Your instructions — Return the data that follows, keeping every word and mark unchanged.

:: Record set ::

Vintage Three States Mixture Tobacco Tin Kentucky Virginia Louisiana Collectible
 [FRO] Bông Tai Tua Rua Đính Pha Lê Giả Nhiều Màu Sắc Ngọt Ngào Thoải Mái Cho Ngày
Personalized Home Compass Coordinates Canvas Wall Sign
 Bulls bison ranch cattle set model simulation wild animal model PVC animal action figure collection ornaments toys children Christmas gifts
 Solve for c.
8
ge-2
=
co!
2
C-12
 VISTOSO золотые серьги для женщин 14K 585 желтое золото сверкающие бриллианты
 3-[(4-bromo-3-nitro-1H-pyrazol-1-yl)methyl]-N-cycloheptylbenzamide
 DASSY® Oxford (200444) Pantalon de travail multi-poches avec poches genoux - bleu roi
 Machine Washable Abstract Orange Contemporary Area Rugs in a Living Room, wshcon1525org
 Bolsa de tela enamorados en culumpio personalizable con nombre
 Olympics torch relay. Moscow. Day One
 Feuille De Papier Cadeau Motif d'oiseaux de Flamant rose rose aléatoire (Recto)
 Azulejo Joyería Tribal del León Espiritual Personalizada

:::

Expected answer —
Vintage Three States Mixture Tobacco Tin Kentucky Virginia Louisiana Collectible
 [FRO] Bông Tai Tua Rua Đính Pha Lê Giả Nhiều Màu Sắc Ngọt Ngào Thoải Mái Cho Ngày
Personalized Home Compass Coordinates Canvas Wall Sign
 Bulls bison ranch cattle set model simulation wild animal model PVC animal action figure collection ornaments toys children Christmas gifts
 Solve for c.
8
ge-2
=
co!
2
C-12
 VISTOSO золотые серьги для женщин 14K 585 желтое золото сверкающие бриллианты
 3-[(4-bromo-3-nitro-1H-pyrazol-1-yl)methyl]-N-cycloheptylbenzamide
 DASSY® Oxford (200444) Pantalon de travail multi-poches avec poches genoux - bleu roi
 Machine Washable Abstract Orange Contemporary Area Rugs in a Living Room, wshcon1525org
 Bolsa de tela enamorados en culumpio personalizable con nombre
 Olympics torch relay. Moscow. Day One
 Feuille De Papier Cadeau Motif d'oiseaux de Flamant rose rose aléatoire (Recto)
 Azulejo Joyería Tribal del León Espiritual Personalizada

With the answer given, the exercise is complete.